1099 Mortgage Loan Programs
Non-QM (Non-Qualified Mortgage) 1099 mortgage loan programs are designed for self-employed borrowers who receive 1099 income and may not meet the traditional mortgage qualification criteria. Here are some key points borrowers should know about these programs:
1099 Mortgage Loan Highlights
- Eligible Borrowers: Non-QM 1099 mortgage loan programs are specifically tailored for self-employed individuals who receive income reported on IRS Form 1099. This includes freelancers, independent contractors, consultants, and small business owners.
- Documentation Requirements: Since self-employed borrowers often have non-traditional income documentation, Non-QM 1099 mortgage loan programs may be more flexible in terms of income verification. While traditional mortgages require two years of tax returns, these programs may consider alternative documentation such as bank statements, profit and loss statements, or CPA letters to verify income.

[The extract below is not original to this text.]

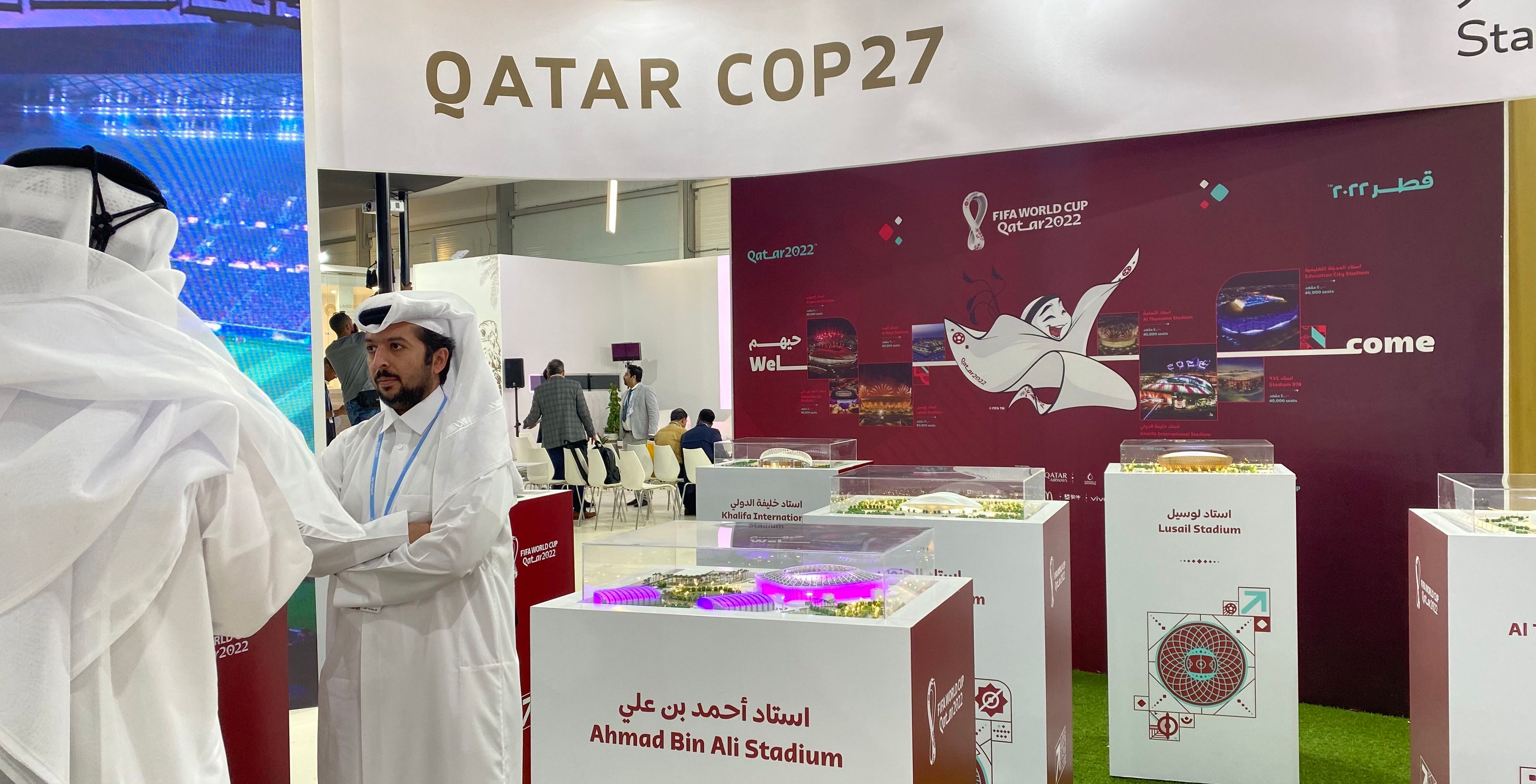 Pabellón de Qatar en la COP27 en Egipto donde se aprecia un amplio despliegue promocional del Mundial 2022. Fotografía:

- Property Types: Non-QM 1099 mortgage loan programs generally allow a range of property types. This can include primary residences, second homes, and investment properties. However, specific guidelines may vary between lenders, so it's important to check with individual lenders or mortgage brokers for their property type requirements.
- Maximum Loan-to-Value (LTV): The maximum loan-to-value ratio represents the percentage of the property's value that can be financed through a mortgage. Non-QM 1099 mortgage loan programs typically offer more flexible LTV ratios compared to conventional mortgages, with maximum LTVs often ranging from 75% to 90%. However, this can vary depending on the lender and the borrower's financial profile.
- Credit Considerations: Non-QM 1099 mortgage loan programs may be more lenient in terms of credit requirements compared to traditional mortgages. While good credit is still important, these programs may consider borrowers with lower credit scores or non-traditional credit histories. Each lender will have its own credit score requirements, so it's advisable to inquire with different lenders to determine their specific guidelines.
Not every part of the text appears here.